Hoy ha muerto Paco de Lucía, una de esas pocas personas que pueden poner de acuerdo a casi todo el mundo, con lo que nos gusta discutir normalmente: nadie puede negar que ha sido uno de los más grandes músicos y guitarristas de la historia de España. Si no fuera algo que depende casi enteramente del azar caería en la tentación de decir que se ha marchado con la misma serenidad y templanza que mostraba en el escenario y en las entrevistas. Él, que se agigantaba detrás de la guitarra y se acostumbró a dejar que fuera ella la que hablara, sin embargo hechizaba cuando hablaba de música, o recordaba a su querido Camarón.

Hoy los flamencos dirán que Paco de Lucía hizo internacional el flamenco, y no les faltará razón. Pero a mí lo que me parece interesante es que ese viaje fue de dos direcciones: llevó el flamenco por el mundo, pero también metió el mundo entero en el flamenco. Paco de Lucía, como Camarón, como Raimundo Amador, fue un renovador, alguien que sin prejuicios jugó, porque la música es un juego, no un dogma de fe. Lo suyo les costó a los ortodoxos del flamenco aceptar la experimentación con los palos y la inclusión de nuevos sonidos, la fusión con otras músicas. Como luego les costó a otros ortodoxos, los clásicos, aceptar su interpretación del Concierto de Aranjuez, que es la mejor que yo haya escuchado.

Pero Paco de Lucía acabó ganando la partida. Hoy el canon es él. Ha triunfado allá donde ha ido, ha salido airoso de aventuras en las que otros habrían fracasado. Salió de su zona de seguridad y se lanzó a la aventura de la improvisación en impresionantes giras mundiales con Al Di Meola y John McLaughlin, por ejemplo.
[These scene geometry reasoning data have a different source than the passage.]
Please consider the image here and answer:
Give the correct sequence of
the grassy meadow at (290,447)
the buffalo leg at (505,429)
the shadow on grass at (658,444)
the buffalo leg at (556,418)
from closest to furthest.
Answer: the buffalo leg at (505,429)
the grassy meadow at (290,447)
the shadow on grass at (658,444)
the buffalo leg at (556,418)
Fue un superdotado, con un talento increíble para la guitarra. Pero como hoy mismo recordaba mi amigo Pablo Ríos, también fue un trabajador inquebrantable. Horas y horas de ensayo y de estudio, giras de meses constantes, en su época de apogeo, antes de que su posición le permitiera darle a su edad la pausa que pedía, sin dejar nunca de tocar y de componer. El talento sin ese trabajo se malgasta, no se concreta en nada. La técnica no se mantiene indefinidamente, y menos en algo como la guitarra, tan extendida, y tan difícil de tocar verdaderamente bien.
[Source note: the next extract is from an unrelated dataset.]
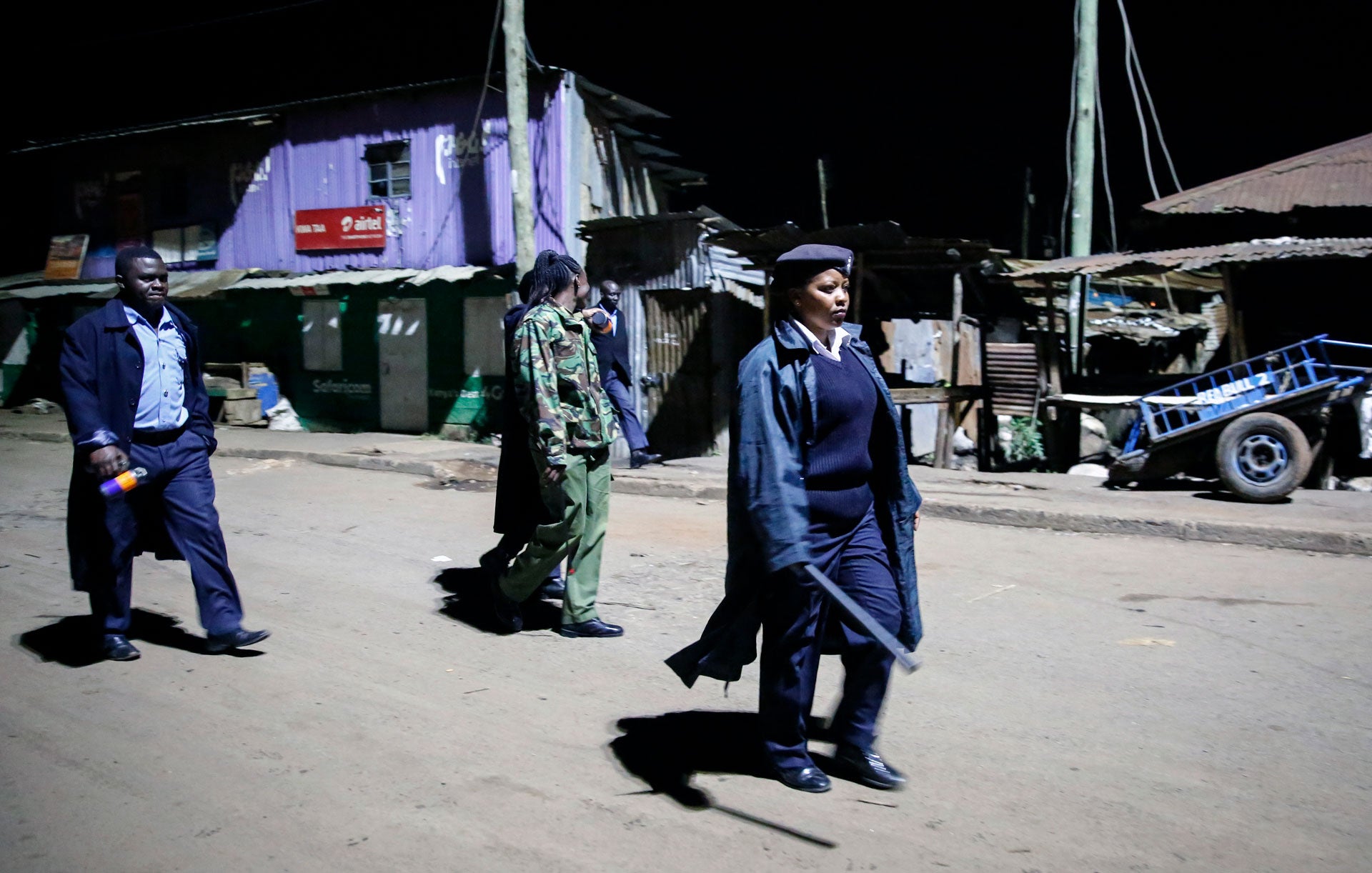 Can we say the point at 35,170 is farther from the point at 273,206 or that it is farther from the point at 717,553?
the point at 717,553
Yo hoy estoy triste, porque Paco de Lucía era aún joven, y porque otro como él va a ser difícil que lo haya. No soy un experto en flamenco, ni de lejos, pero sí pienso que Paco de Lucía no fue simplemente un flamenco, que también, y de pura cepa, sino que se convirtió en un músico universal, y que en su visión sin fronteras estuvo gran parte del secreto de su éxito y de que hoy sea reconocido como un genio.

Y yo, con veintitantos años, decía que no me gustaba el flamenco pero me gustaba Paco de Lucía. Hoy me he dado cuenta de que en realidad gracias a Paco de Lucía me empezó a gustar el flamenco.